The standard for determining the propriety of a defendant's claim that his counsel's performance was deficient is whether the attorney, in representing the accused, performed at least as well as a lawyer with ordinary training and skill in the criminal law area. State v. Lindsay, 246 Neb. 101, 517 N.W.2d 102 (1994). In determining whether a trial counsel's performance was deficient, there is a strong presumption that such counsel acted reasonably. Id. The second prong of an ineffective assistance of counsel claim requires that the defendant show that any deficient performance prejudiced the defense, that is, demonstrate a reasonable probability that but for counsel's deficient performance, the result of the proceeding would have been different. See State v. Boppre, 252 Neb. 935, 567 N.W.2d 149 (1997).
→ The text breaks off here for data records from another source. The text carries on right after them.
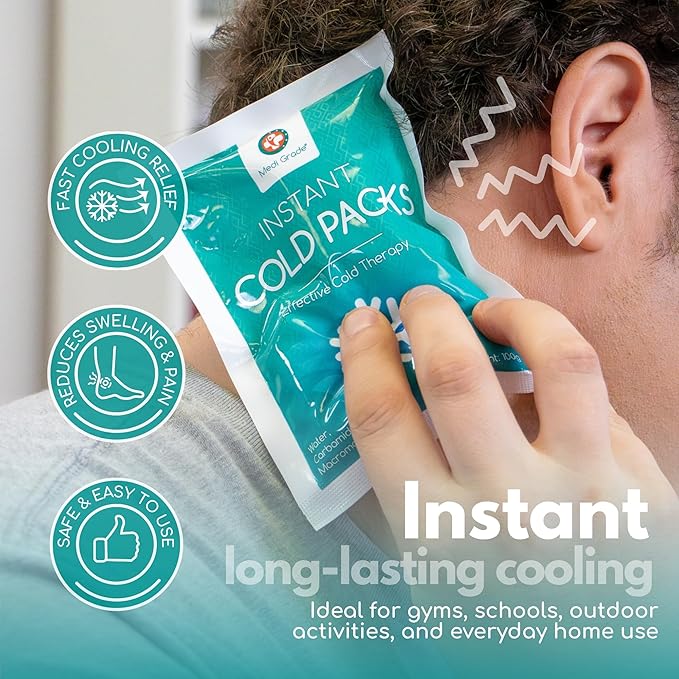 Medi Grade Instant Cold Packs, 100 Packs of 3.5oz (4.5”x6”) Disposable Cold Packs for Cooling Relief, No Freezer Needed - Cold Pack for Injuries, Knee and Ankle Cool Pack Wrap with Stabilisation Band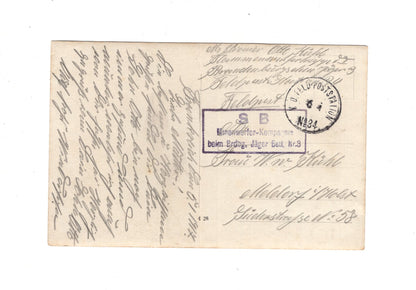 Ansichtskarte / Feldpost / Soldaten / Minenwerfer Komp. / Jäger Batl. 9 - 1917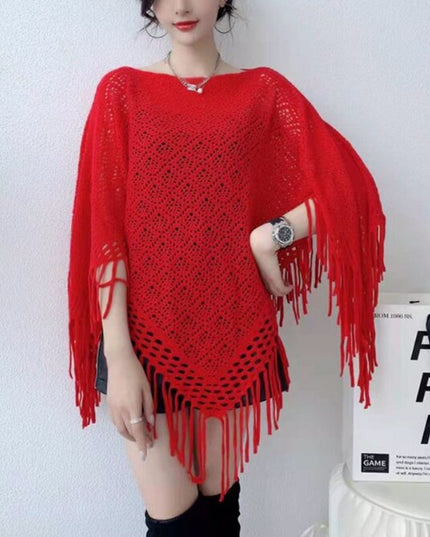 Damski sweter dziergany ażurowy typu ponczo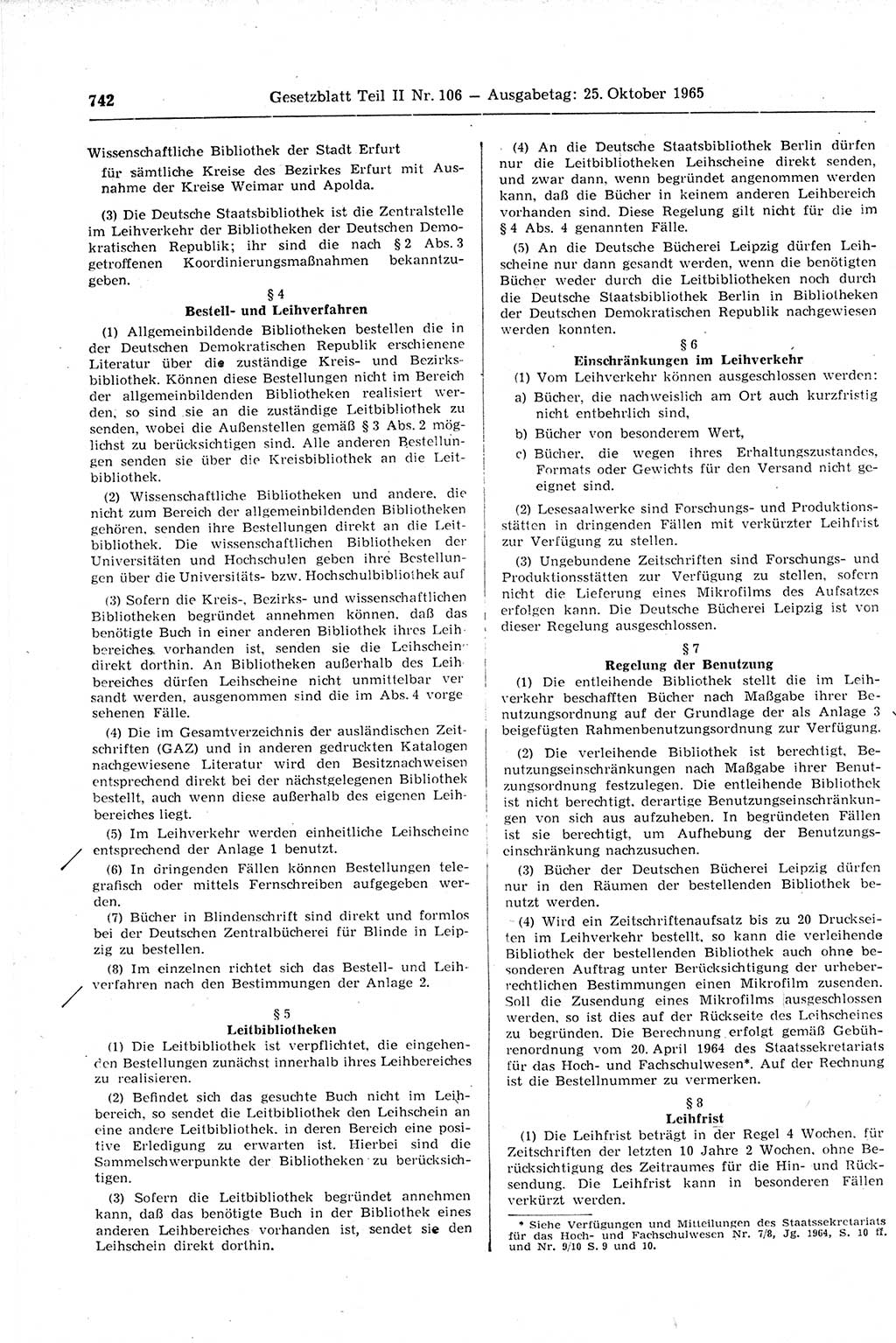 Gesetzblatt (GBl.) der Deutschen Demokratischen Republik (DDR) Teil ⅠⅠ 1965, Seite 742 (GBl. DDR ⅠⅠ 1965, S. 742)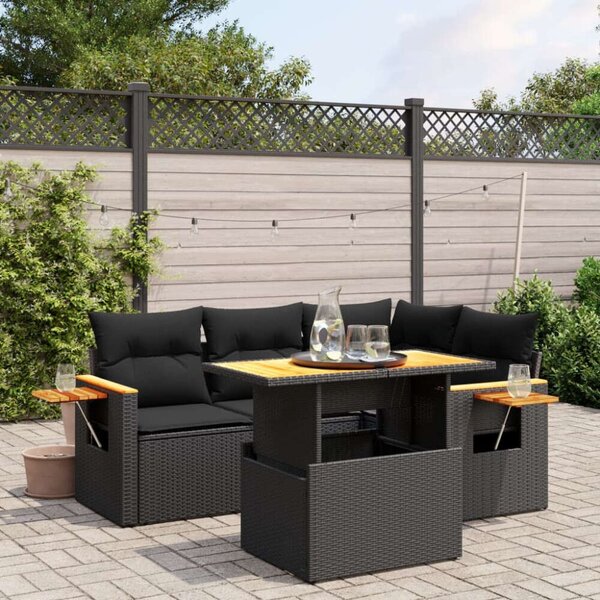 VidaXL 5 részes fekete polyrattan kerti kanapészett párnákkal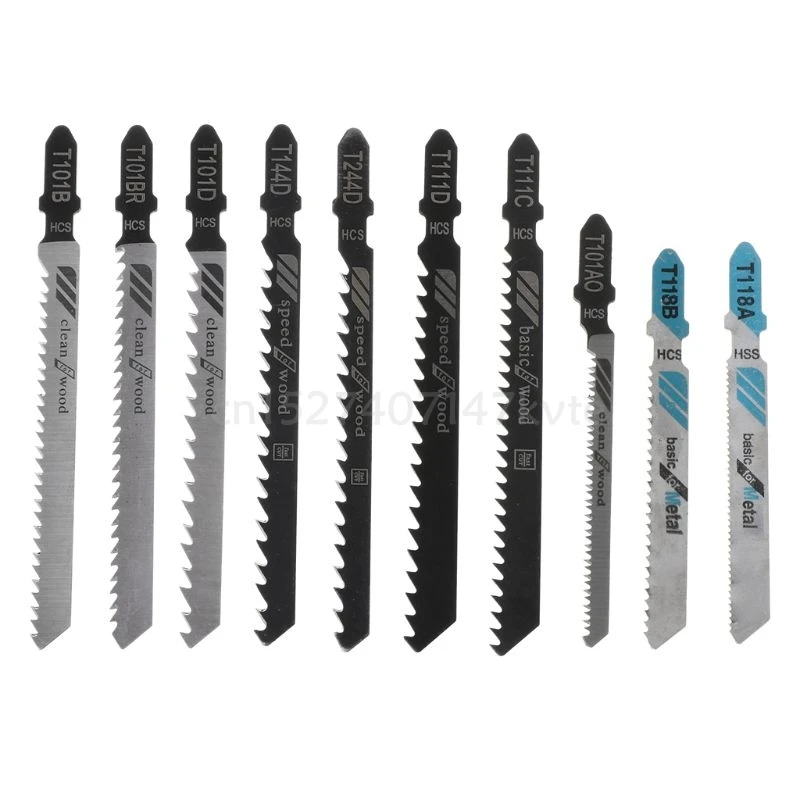 

10 шт. Ассорти HSS HCS T144D T244D T101B T101D T101BR T111C возвратно-поступательные Лобзики Набор для резки металлических пластиковых деревянных комплектов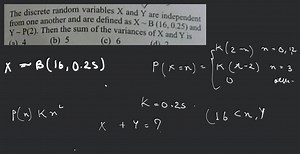 The discrete random variables \mathrm{X} and \mathrm{Y} are ind... | Filo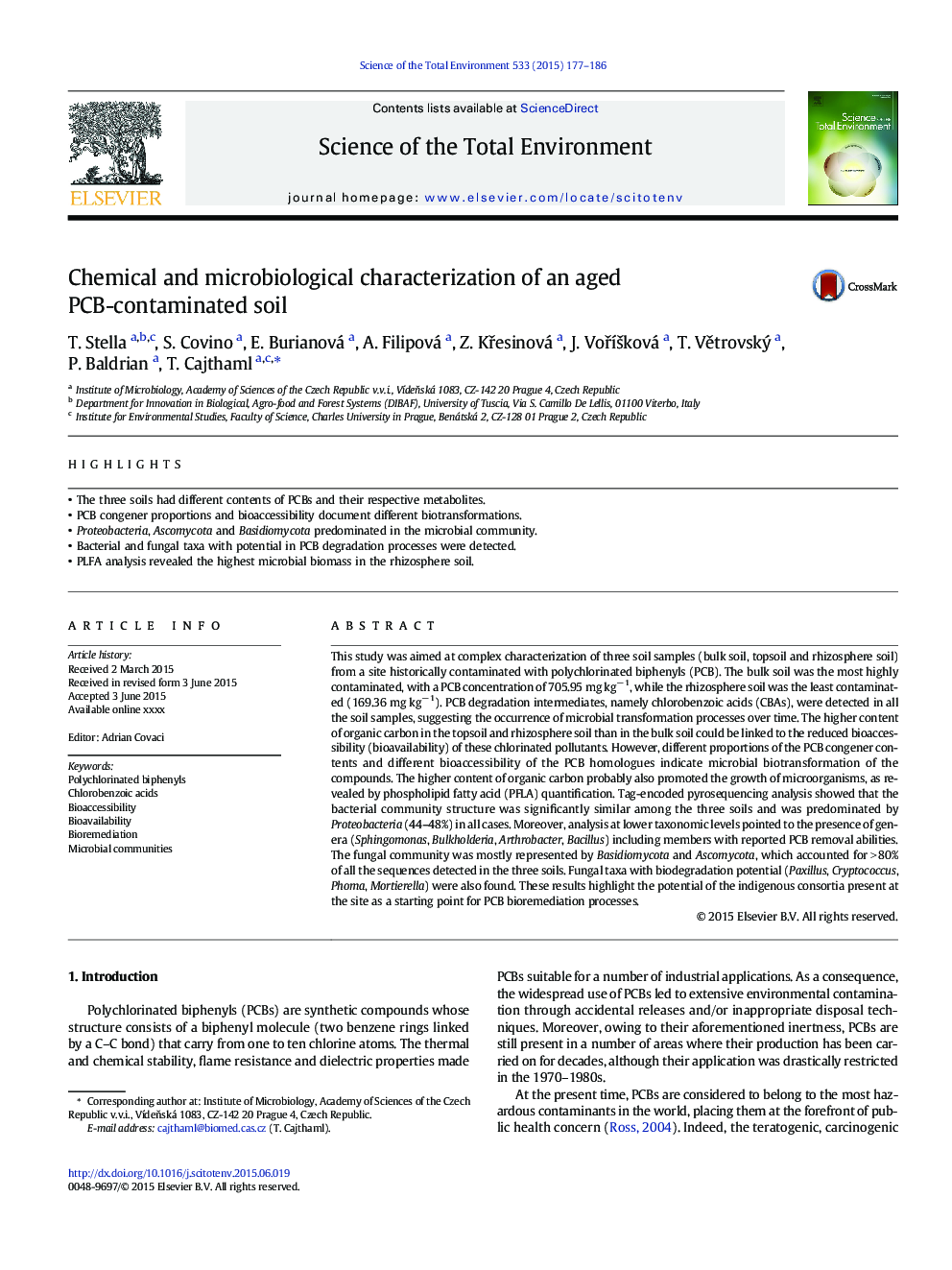 Chemical and microbiological characterization of an aged PCB-contaminated soil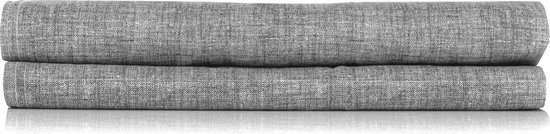 ZO! Home Lino katoen hoeslaken antraciet - lits-jumeaux (180x210/220) - rondom elastiek - prachtige uitstraling — afbeelding 2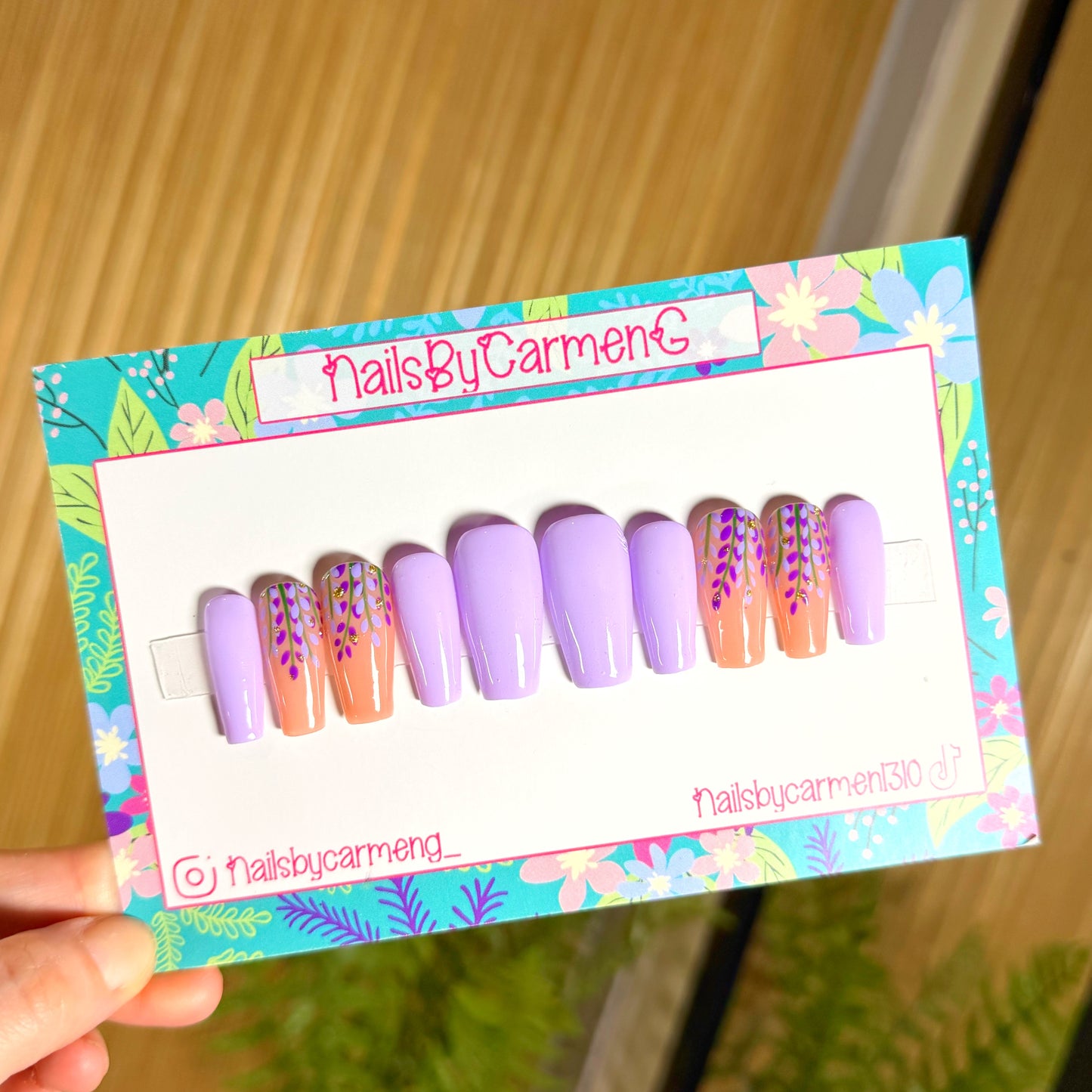 Lilac spring garden Acrylic Press on nails
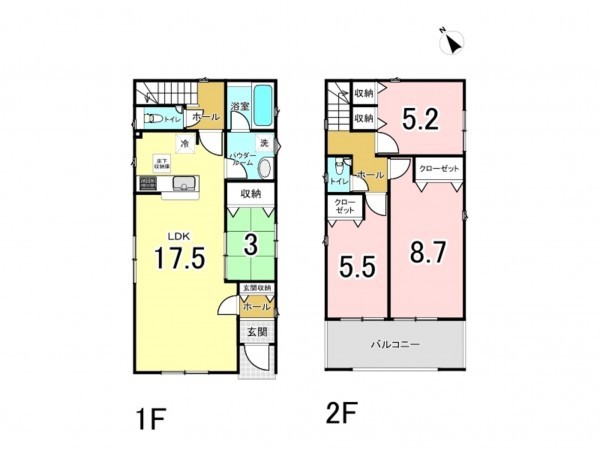 多賀城市笠神、新築一戸建ての間取り画像です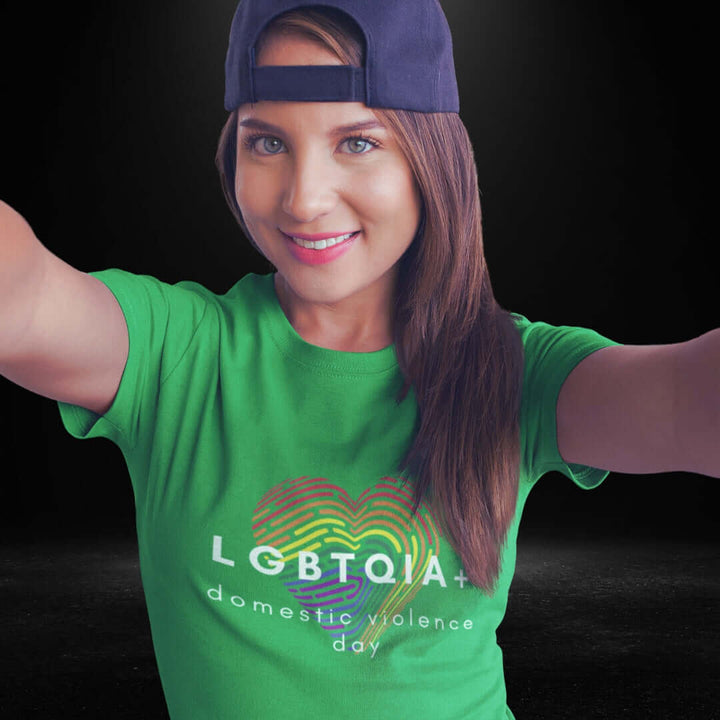 LGBTQIA+ Domestic Violence Day Green Tee - Bite Me Now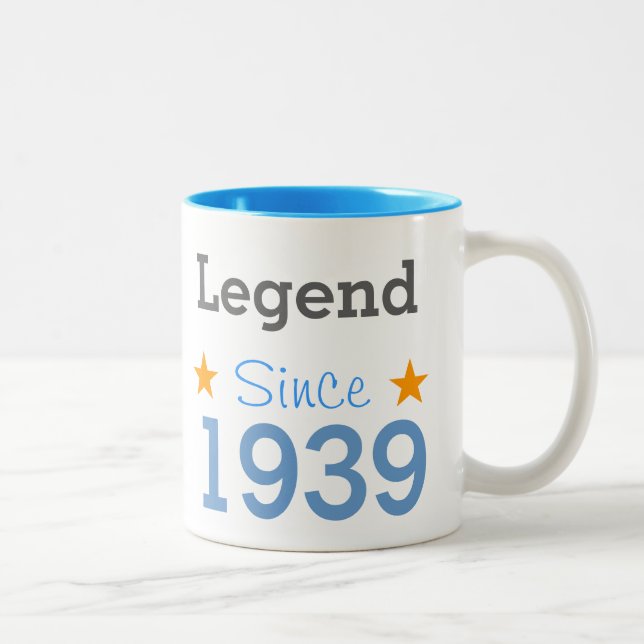 Caneca De Café Em Dois Tons Legenda Desde 1939 (Direita)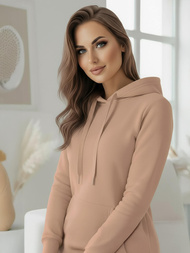 Ženska jopica s kapuco temno bež OZONEE JS/YS10003/91Z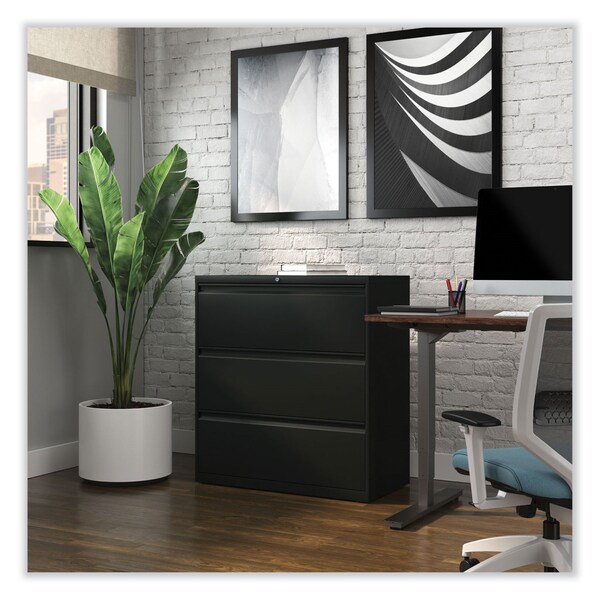 Alera 36 in W 3 Drawer File Cabinets, Black, Legal; Letter; A4; A5 - 17634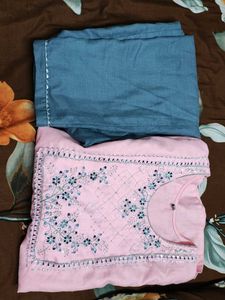 Pink Kurta Set With Grey Pant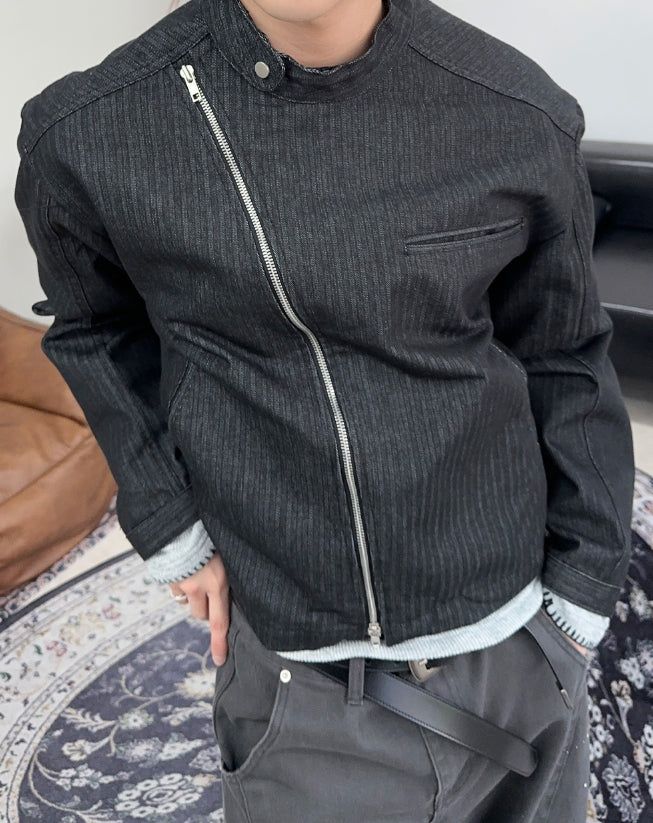 Karen Diagonal Herringbone Crop Jacket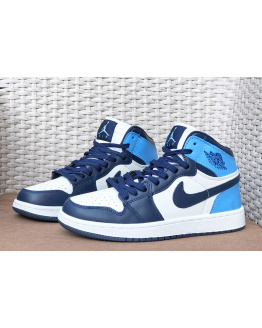 Мужские высокие кроссовки Nike Air Jordan 1 Retro High OG белые с синим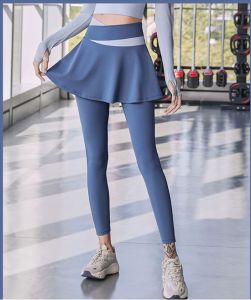 HOLA Sport Yoga Pants With Skirt Women Fake Two Pieces Sport Legging Patchwork Crossover High Waist Legging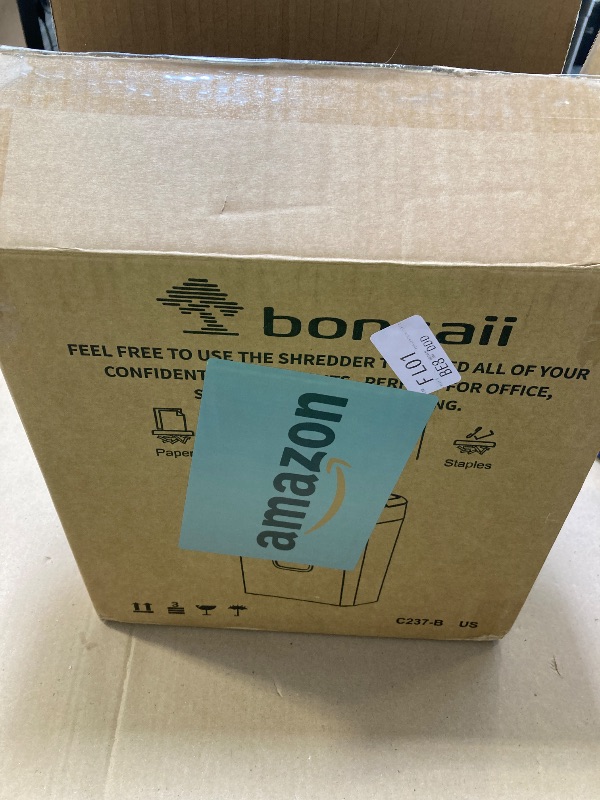 Photo 1 of Bonsaii Paper Shredder for Home Use, 3.4 Gal Wastebasket, 6 Sheet Crosscut Paper Credit Cards, Staples, and Clips Shredder for Home Office Use, Portable Handle Design (C237-B New Version)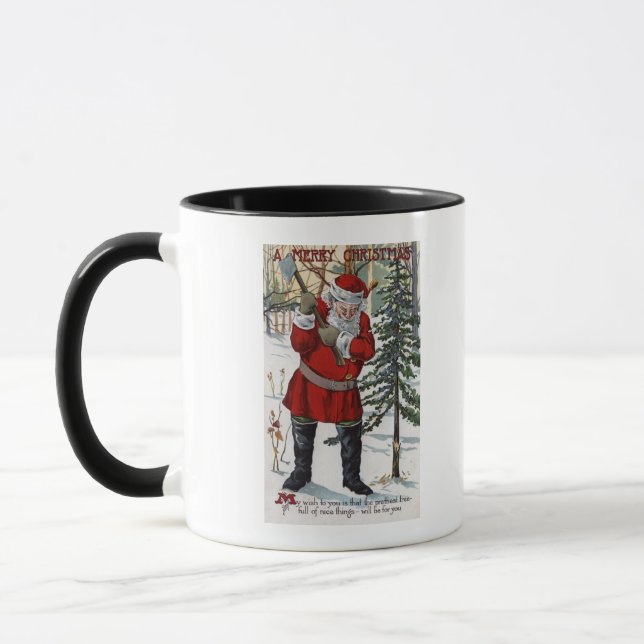 Santa Cutting Weihnachtsbaum Tasse (Links)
A challenge to the validity of Jones' conviction for second degree murder would be a collateral attack on the judgment. The Nebraska Postconviction Act requires that a prisoner seeking relief under the act must be in actual custody in Nebraska under a Nebraska sentence. State v. Eutzy, 242 Neb. 851, 496 N.W.2d 529 (1993); State v. Whitmore, 234 Neb. 557, 452 N.W.2d 31 (1990). Without reaching the validity of Jones' conviction for second degree murder, it is obvious from the record that at all times relevant, Jones was not in actual custody under a Nebraska sentence. Jones would not be able to collaterally attack the conviction for second degree murder. Jones has therefore failed to show that he was prejudiced by counsel's failure to investigate the circumstances of Jones' prior conviction and to argue the invalidity of such conviction as a mitigating factor during the sentencing hearing.
It is undisputed that the trial court could take notice of Jones' prior criminal act. In a psychological assessment presented as part of the presentence investigation, Jones admitted that in 1983, he stabbed and killed a man when he found that man with his girl friend. A trial court has broad discretion as to the source and type of evidence and information it may use in determining the kind and extent of punishment to be imposed. State v. Ryan, 248 Neb. 405, 534 N.W.2d 766 (1995). See State v. Guida, 230 Neb. 961, 434 N.W.2d 522 (1989). The court may consider reports of probation officers, police reports, affidavits, and other information almost without limitation as long as it is relevant to the issue of sentencing. See id. Clearly, Jones' admission that he had previously stabbed and killed a man was relevant to the court's sentencing decision. Therefore, Jones' second assignment of error is also without merit.
For the reasons stated herein, we affirm the judgment of the district court.